Ook de hoogte van de stakingswinst was tot in 2004 een discussiepunt, vanwege de onzekerheid over de staat van de grond, waardoor de ondernemer volgens de rechter niet exact kon weten wat de omvang was van de maximaal af te sluiten lijfrente. De minnelijke taxatie (waarbij de belastinginspecteur het garagepand bezocht) vond pas op 13 februari 2004 plaats.

Spoed

Direct hierna sloot de ondernemer de hypothecaire lening af. De adviseur van de ondernemer had bij diverse gelegenheden de inspecteur gevraagd spoed te zetten bij de diverse tussenstappen om de lijfrenteverzekering te kunnen afsluiten.

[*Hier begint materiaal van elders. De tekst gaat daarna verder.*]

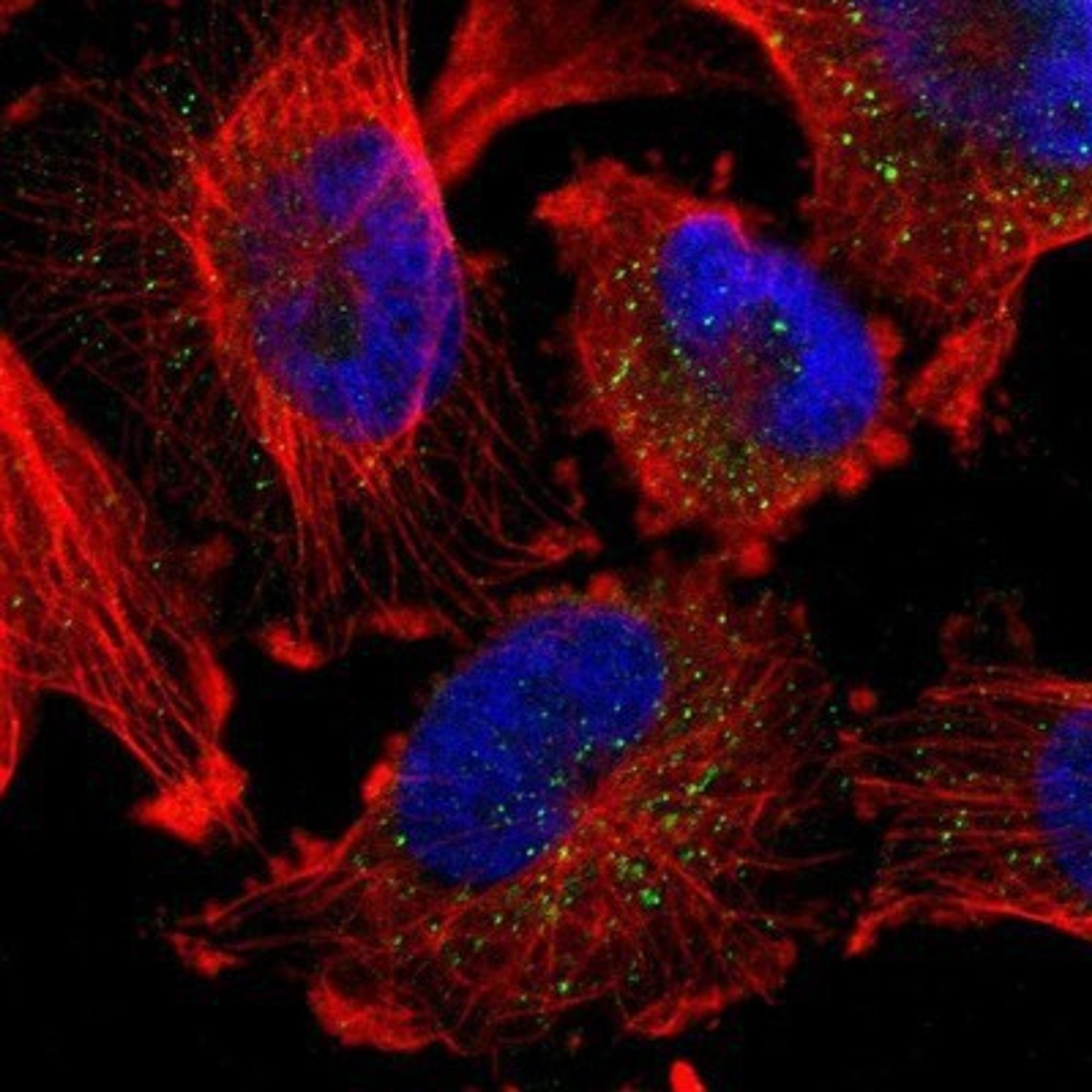 Immunocytochemistry/Immunofluorescence: GM2A Antibody [NBP1-87090] - Staining of human cell line U-251MG shows positivity in nucleoli & vesicles.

Op maart 2004 had de adviseur de jaarrekening 2002 vastgesteld en had kort daarna de belastingaangifte 2002 ingediend. ­ In de belastingaangifte had de ondernemer de lijfrentepremie van € 186.668 in aftrek gebracht. Op 13 mei 2004 had de ondernemer via een spoedopdracht € 187.000 aan een verzekeringsmaatschappij overgemaakt. Vrijwel direct daarna, 16 mei 2004, was de lijfrenteverzekering ingegaan.

Termijnoverschrijding

De inspecteur weigerde echter de lijfrenteaftrek in de belastingaangifte 2002 omdat de premie niet binnen zes maanden na afloop van het kalenderjaar was gedaan. Gezien de feiten van de procedure was de rechter evenwel van mening dat de late betaling van de lijfrentepremie was veroorzaakt door een omstandigheid die de ondernemer redelijkerwijs niet kon worden aangerekend. Er was sprake van een verschoonbare termijnoverschrijding. De ondernemer had toch recht op de lijfrentepremieaftrek.